After a few tracks a certain sameness sets in as you acclimate to the tempi and Beck's chordal game plan but that quickly gives way to the endless flow of warmth and comfort even if the analytical side of your brain has kicked in and you try to analyze rather than just absorb the insistent sonic pleasure.

When it's all over you'll be impressed by the experience though not a single track will likely have registered. Play it again and you'll leave equally gratified, perhaps mystified by the lack of substance and your eagerness not to care because your sonic pleasure zones have been so effectively massaged. The coherent whole is far greater than the parts, but over time the songs do register and separate out.

Beck's Morning Phase tweaks the noses of "the album is dead" proponents and shoves sonic glory in the ears of the slopmeisters of sound. It could be argued that an album like this succeeds or fails on its sound. It's as much if not more a "listening experience" than a collection of memorable tunes and as a "listening experience" that's consistent throughout, deeply setting mood and tone, it 100% succeeds.

You can be sure Beck knows that since he's produced consistently great sounding records throughout his career.

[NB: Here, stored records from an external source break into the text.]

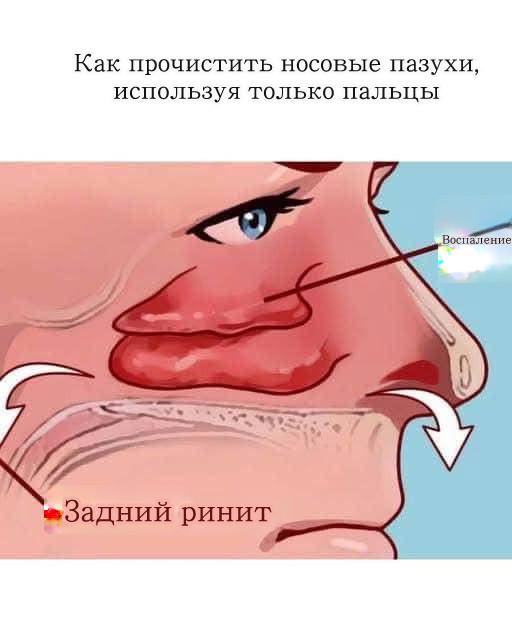 鼻竇 – 一個常見的問題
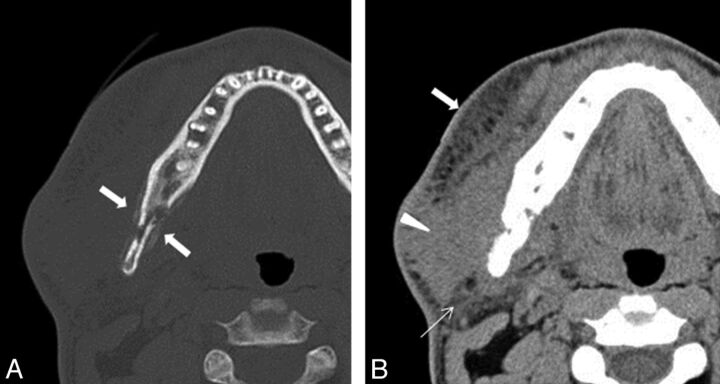 Fig 3.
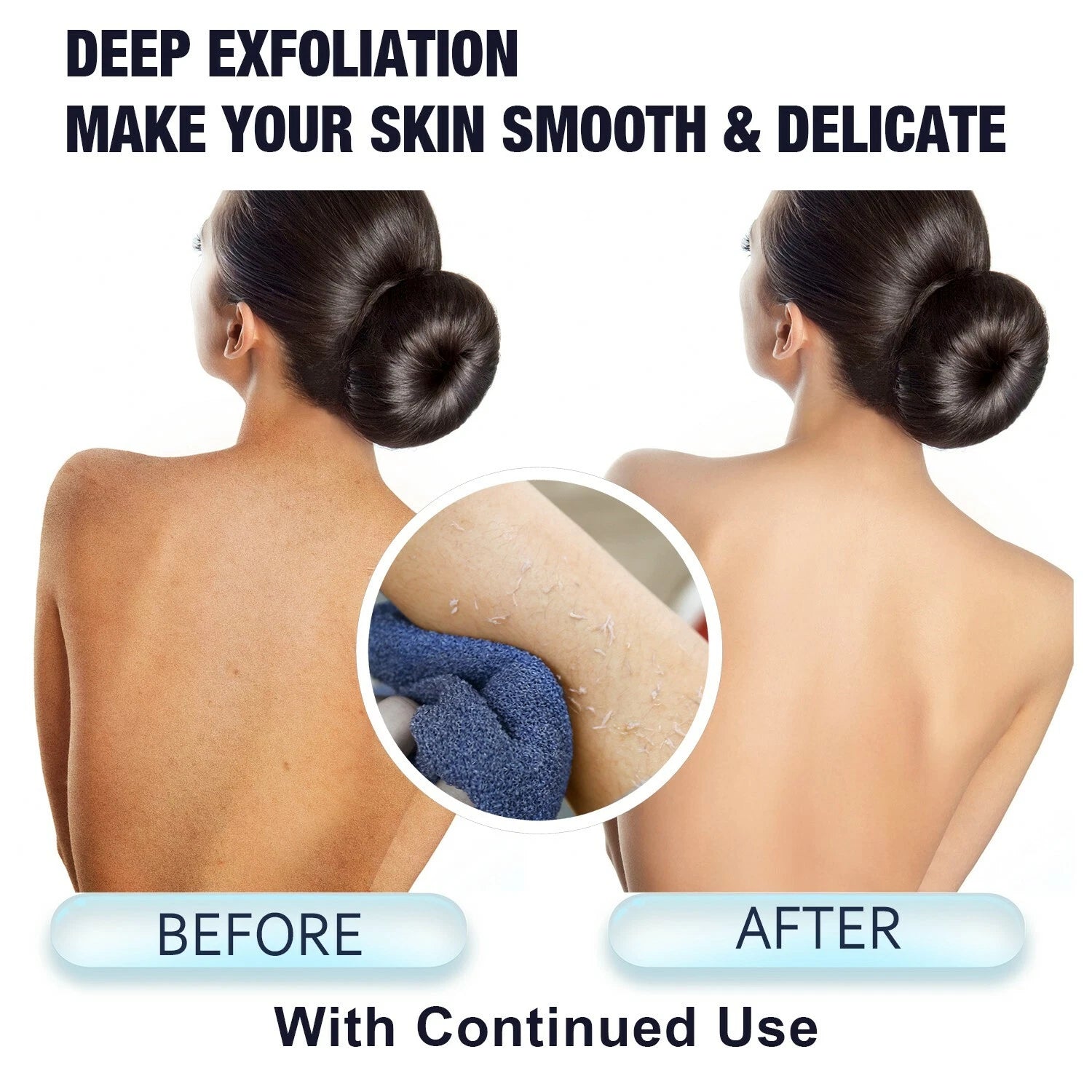EvridWear Exfoliating Back Scrubber for Shower Bath Shower Spa Skin One Size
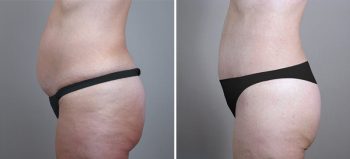 Parker Tummy Tuck Patient 22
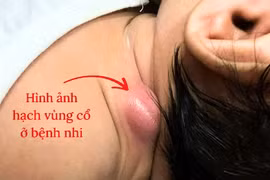 Hạch vùng đầu mặt cổ ở trẻ em có nguy hiểm?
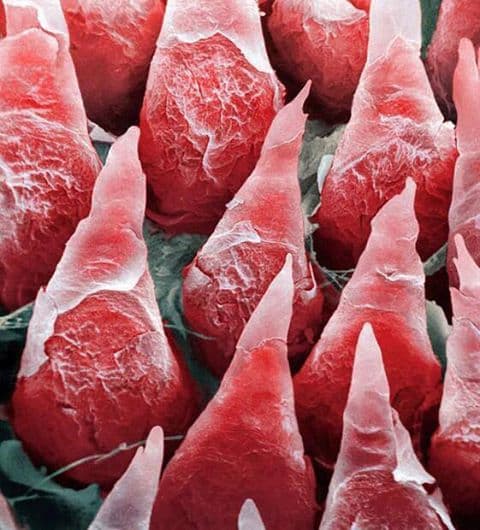 The human tongue is covered with tiny soft spikes called Filiform Papillae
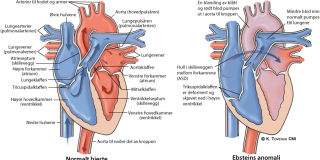Illustrasjonsbilde av hjertefeilen: Ebsteins anomali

Regardless of how this was tracked, analog or digital, the studio trail tells the tale: Ocean Way (L.A. and Nashville), Blackbird, Nashville, Rak Studios London, Sunset Sound, Capitol, L.A. etc. with mixing at Electric Lady in New York.

Bob Ludwig mastered in Maine, Bernie Grundman cut lacquers in California and Pallas pressed in Germany. This definitely was not one of those "cut from the CD, press as cheaply as possible and get it out the door" kind of vinyl production. The sound is superb and Ludwig, Grundman and of course Beck were not afraid to put a lot of bass energy into the grooves. If this sounds "thumpy" or "thuddy" to you, it's your equipment not the recording or record.

Play this back to back with Sea Change and you might become paralyzed with pleasure, loving every minute of it!